§ SOURCE DATA:
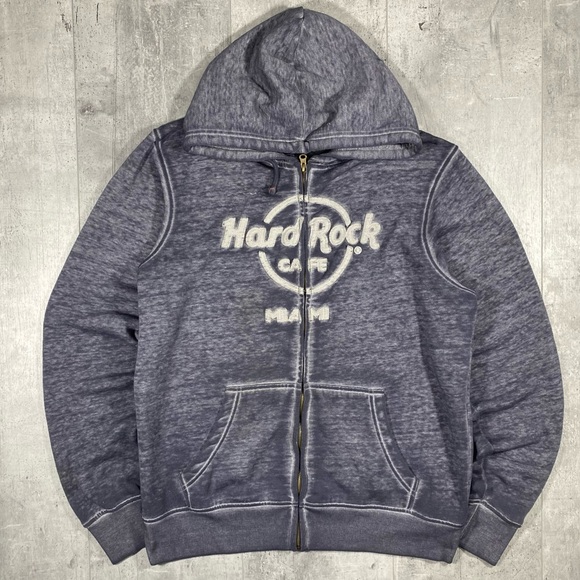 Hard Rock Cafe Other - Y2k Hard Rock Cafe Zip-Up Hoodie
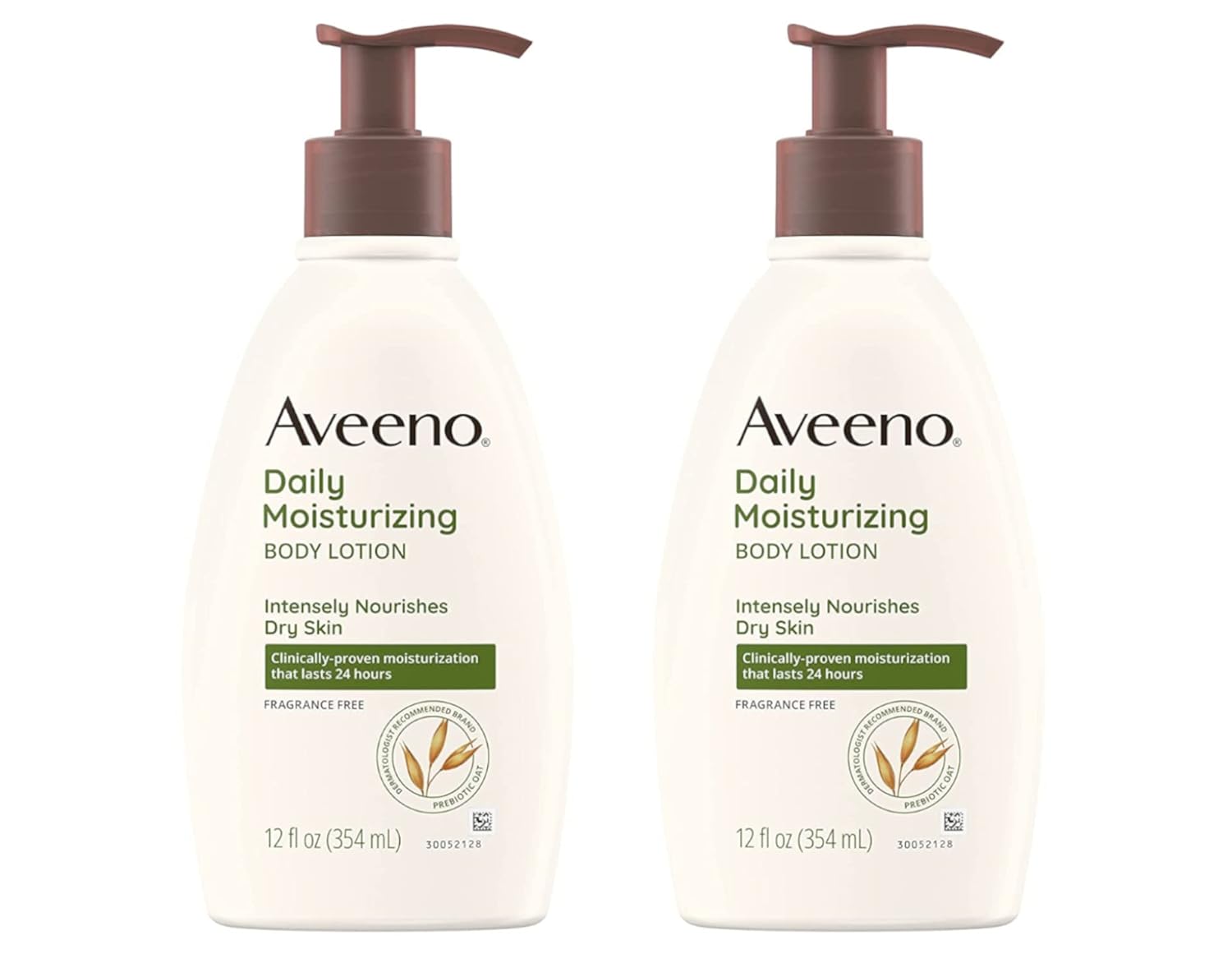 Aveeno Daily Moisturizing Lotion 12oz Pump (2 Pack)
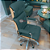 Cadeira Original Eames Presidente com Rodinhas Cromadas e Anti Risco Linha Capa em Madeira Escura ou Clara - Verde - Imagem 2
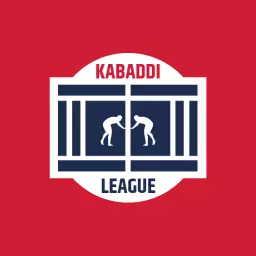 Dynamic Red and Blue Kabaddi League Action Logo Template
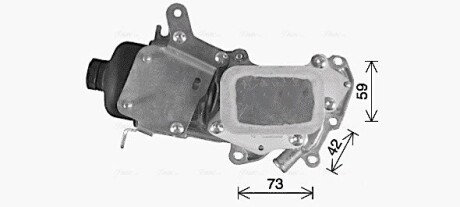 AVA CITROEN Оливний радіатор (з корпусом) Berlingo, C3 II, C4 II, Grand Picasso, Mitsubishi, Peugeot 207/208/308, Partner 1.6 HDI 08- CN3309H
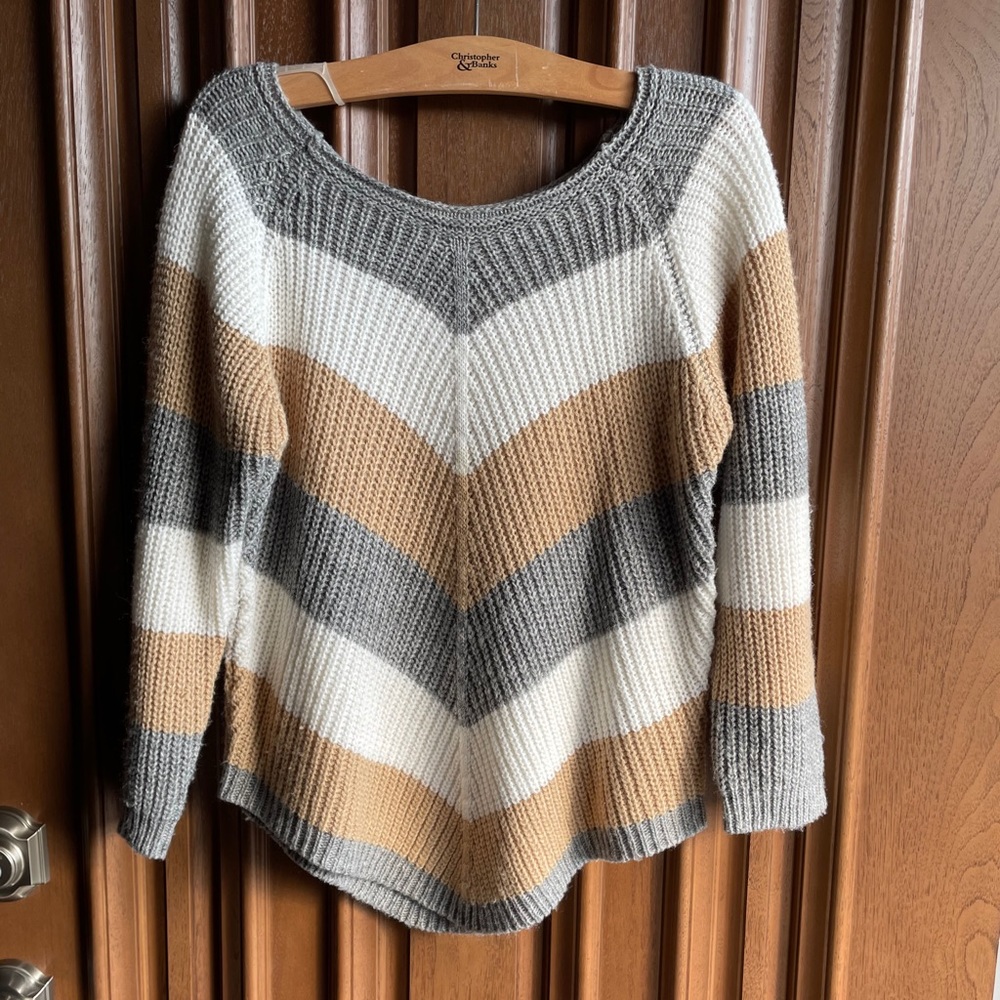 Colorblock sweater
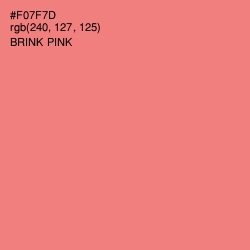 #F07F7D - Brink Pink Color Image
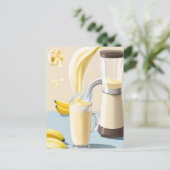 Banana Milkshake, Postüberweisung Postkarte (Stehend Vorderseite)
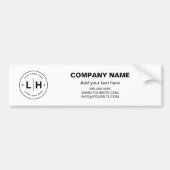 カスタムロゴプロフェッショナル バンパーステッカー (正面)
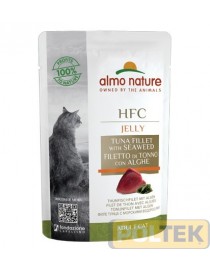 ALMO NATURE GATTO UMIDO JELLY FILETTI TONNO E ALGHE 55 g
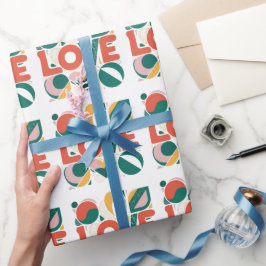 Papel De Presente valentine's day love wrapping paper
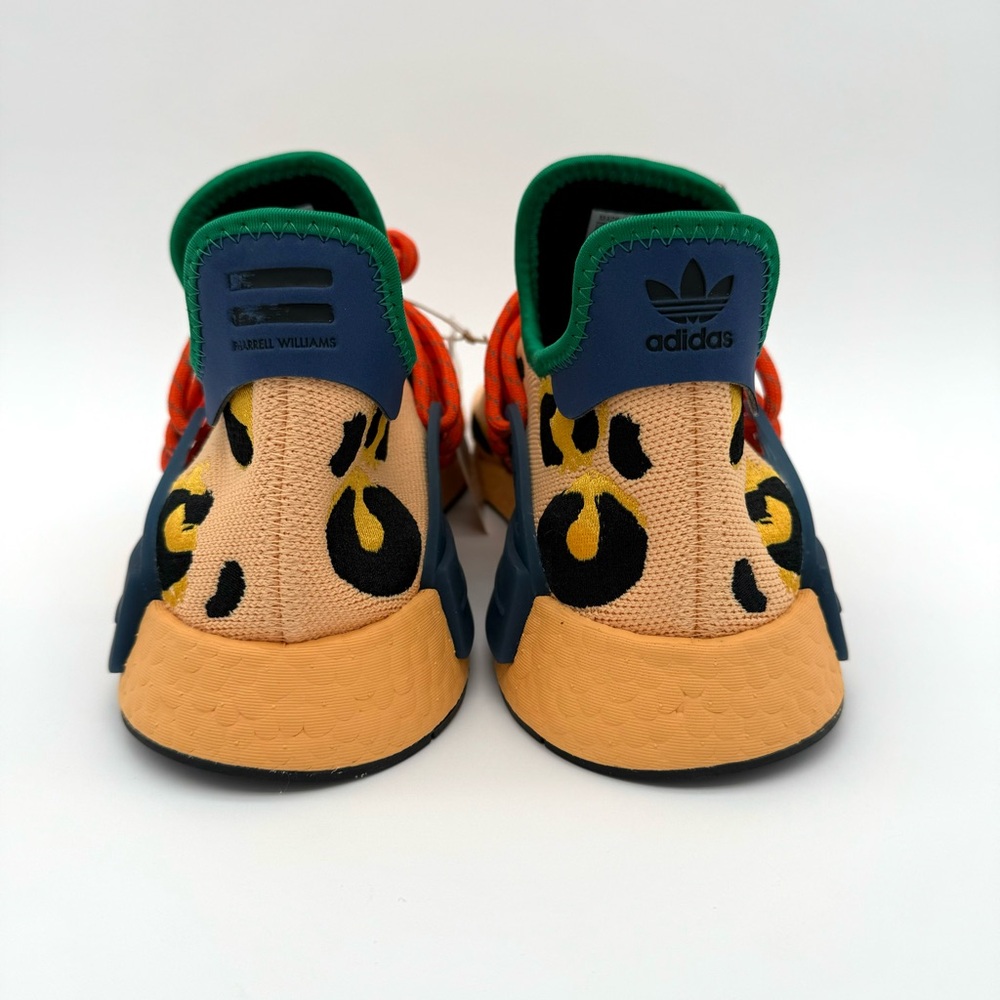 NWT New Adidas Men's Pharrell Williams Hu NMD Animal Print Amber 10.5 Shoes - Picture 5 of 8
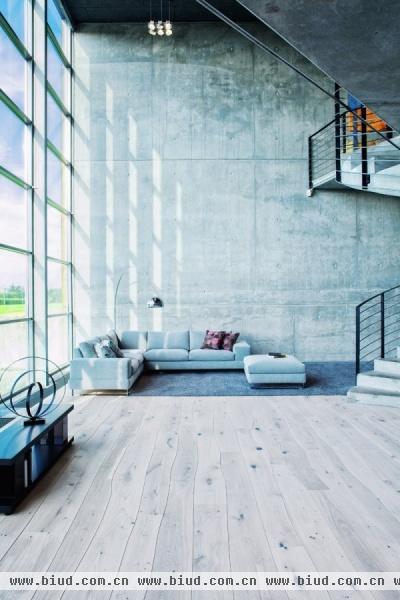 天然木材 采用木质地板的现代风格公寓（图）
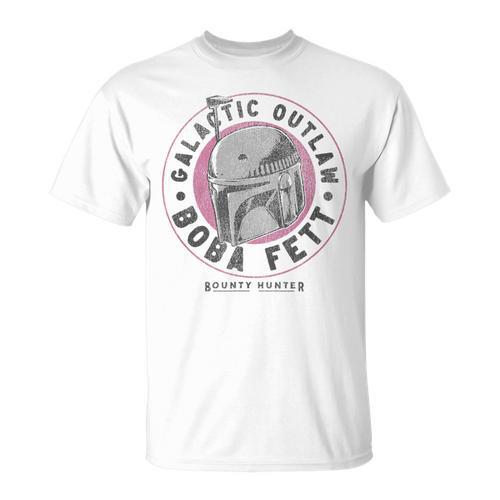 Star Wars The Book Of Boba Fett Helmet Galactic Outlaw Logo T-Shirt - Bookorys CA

§ DIRECTIONS: Copy verbatim the span that opens at the line with "Papel De Presente" and closes at the final line of the listing. Do not carry over any pictures.

§ TASK SOLUTION:
 Papel De Presente valentine's day love wrapping paper
 NWT New Adidas Men's Pharrell Williams Hu NMD Animal Print Amber 10.5 Shoes - Picture 5 of 8
 天然木材 采用木质地板的现代风格公寓（图）
 Star Wars The Book Of Boba Fett Helmet Galactic Outlaw Logo T-Shirt - Bookorys CA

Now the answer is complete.